China’s demographic time bomb may not come to pass, with pension moves offering hope
Kevin Martin says Beijing’s move to raise the retirement age and a shift by workers to save earlier for old age will help mitigate the state pension shortfall
China’s policymakers are confronting the country’s rapidly ageing profile and shrinking workforce by raising the official retirement age which has been in place since the 1950s.
This is a sensitive issue in a country where people have long depended on government and their families to sustain them in old age – retirees in China rely more heavily on state funding than most other countries. But to China-watchers and investors, it can only be a good thing that the country is taking a responsible approach to addressing a substantial deficit in individual pension accounts.

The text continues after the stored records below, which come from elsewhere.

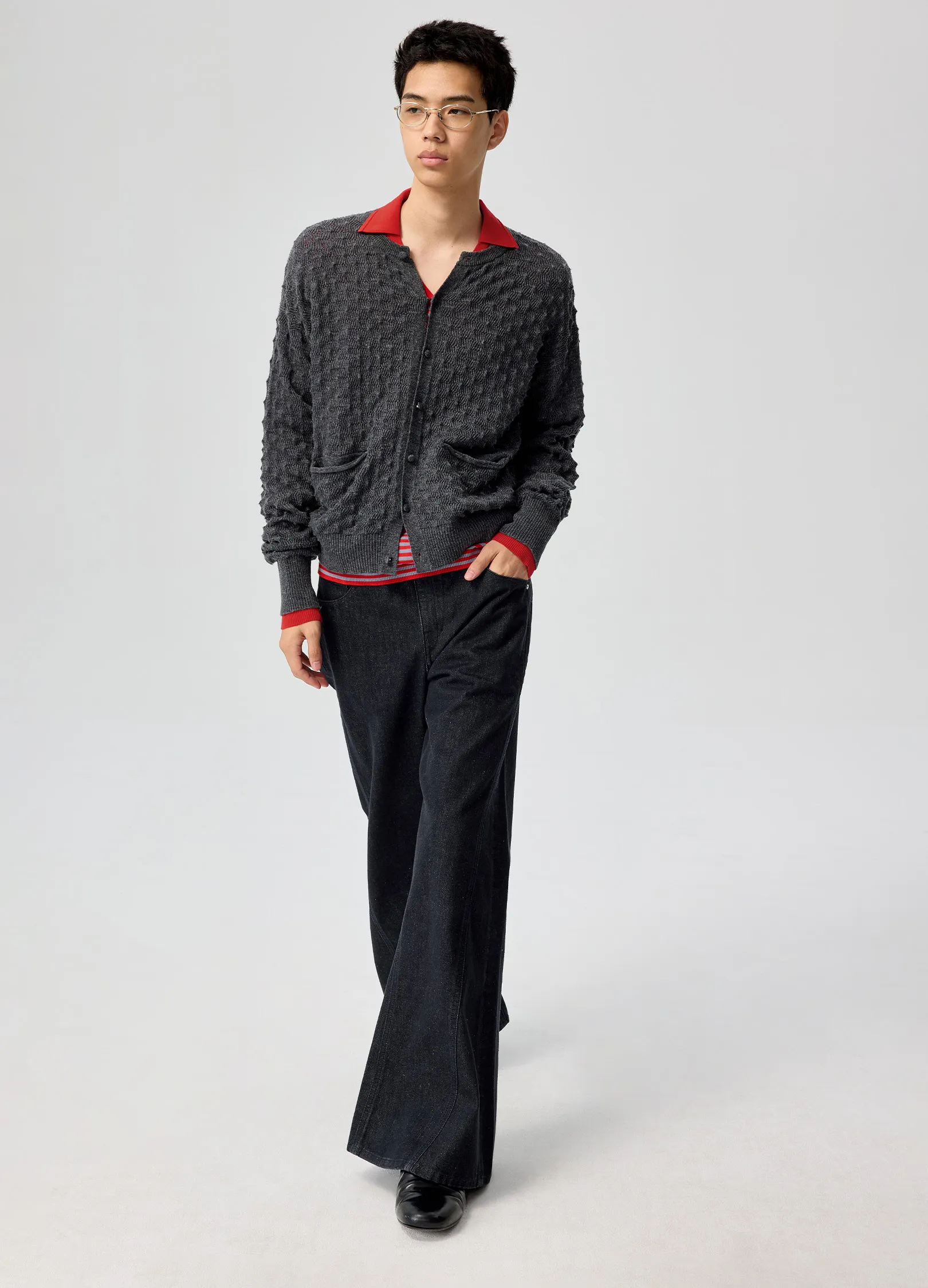 Textured Knit Sweat - Image 4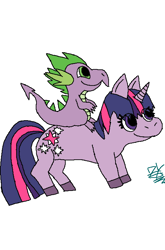 Size: 480x728 | Tagged: safe, artist:ineedcoffeee, derpibooru import, spike, twilight sparkle, dragon, pony, unicorn, female, mare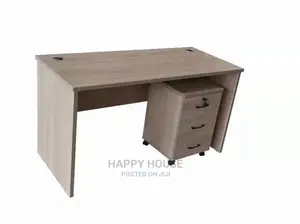 Office Desk (120cm) With Movable Drawers
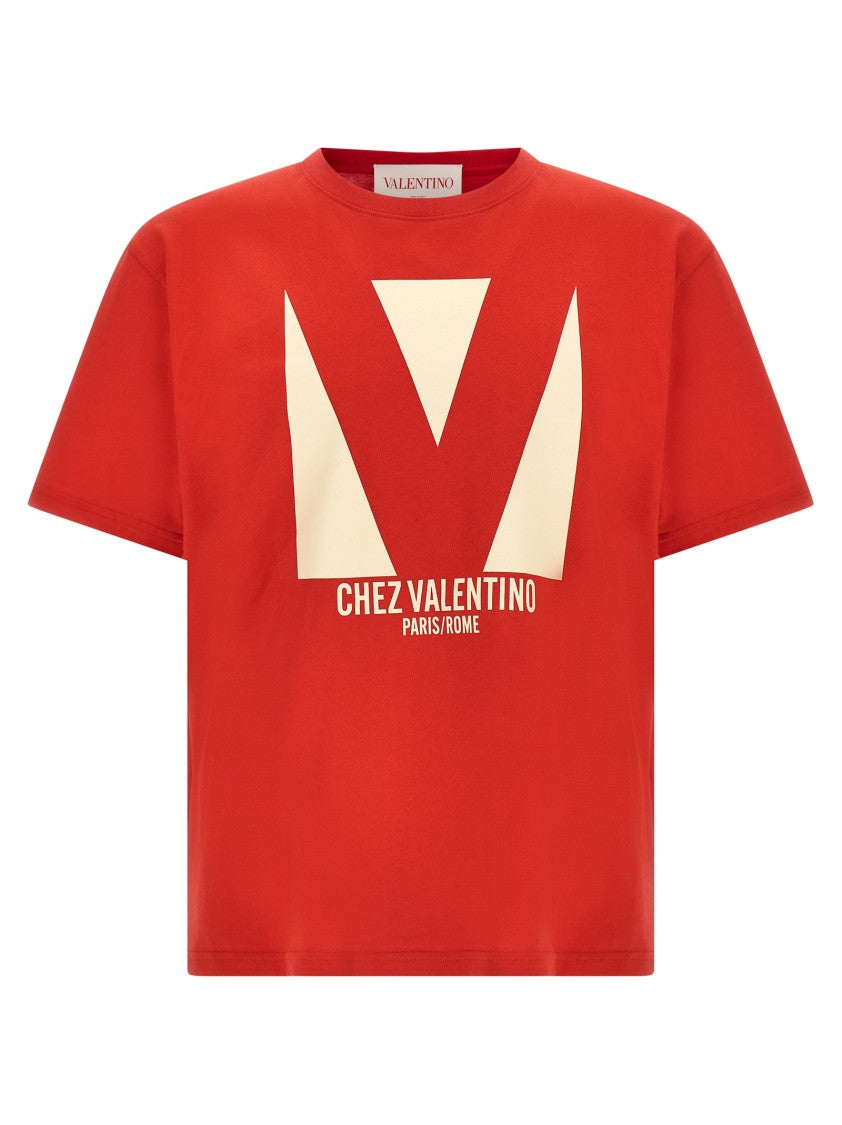 Valentino Garavani Cotton T-Shirt With Front Print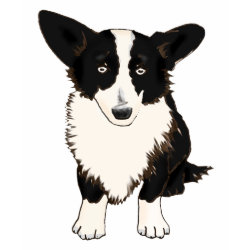 Sitting Cardigan Welsh Corgi Illustration shirt
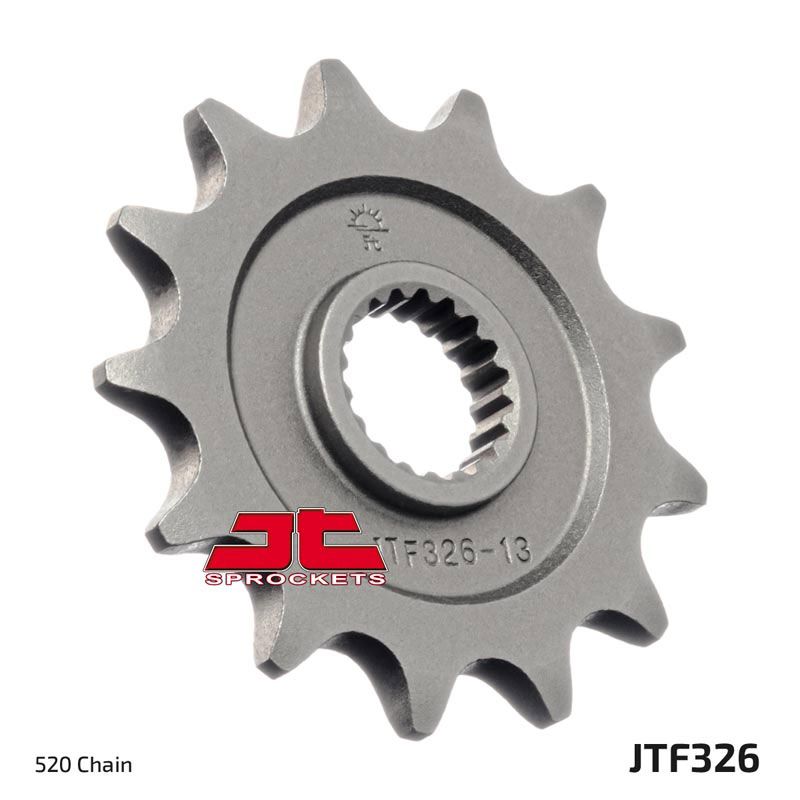 JT Sprockets Front Steel Countershaft Sprocket 13 Tooth 13T 520 Chain For Honda CR125 RH,RJ,RK,RL,RM,RN,RP,RR 1987-1994 JTF326.13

Chinese workers have grown accustomed to rising prosperity. But as change approaches, they have also been exposed to years of reports highlighting the need for reform through statistics showing that, for example, nearly four in 10 Chinese will be over 60 by the middle of the century.
So how well have the Chinese grasped the “new normal” that is putting pressure on pension systems around the world? The answer appears to be, very well. Working-age Chinese expect to save for 14 years longer than those who have already retired, research published last week shows. That equates to 23 years of saving, up from nine years for current retirees.
This is the highest “retirement gap” between generations in the world, but it doesn’t necessarily mean working longer. Working-age Chinese are now starting to save for retirement 13 years earlier than their parents’ generation. This provides hope for China’s pension system and represents a paradigm shift in retirement thinking.
The shift is also seen in how working-age Chinese plan to fund their retirement. While a small majority still expect state help, many are moving towards defined benefit pension schemes provided by their employer, endowment or savings schemes or shares.
The paradigm shift is only one reason to doubt the claims of the most pessimistic commentators who believe that the demographic time bomb will bring China’s growth to a halt. One reason Chinese workers have typically started saving late for their retirement is that they only begin to put money aside for themselves once their children have completed their education.
Better education, productivity gains and migration promise to help raise workers’ living standards and retirees have the potential to unlock trillions of dollars in growth by 2030, helping to mitigate the effects of the ageing population.
With a responsible policy approach, a paradigm shift within the population, and the transition to a more productive economy, China’s demographic time bomb could go off with a whimper rather than a bang.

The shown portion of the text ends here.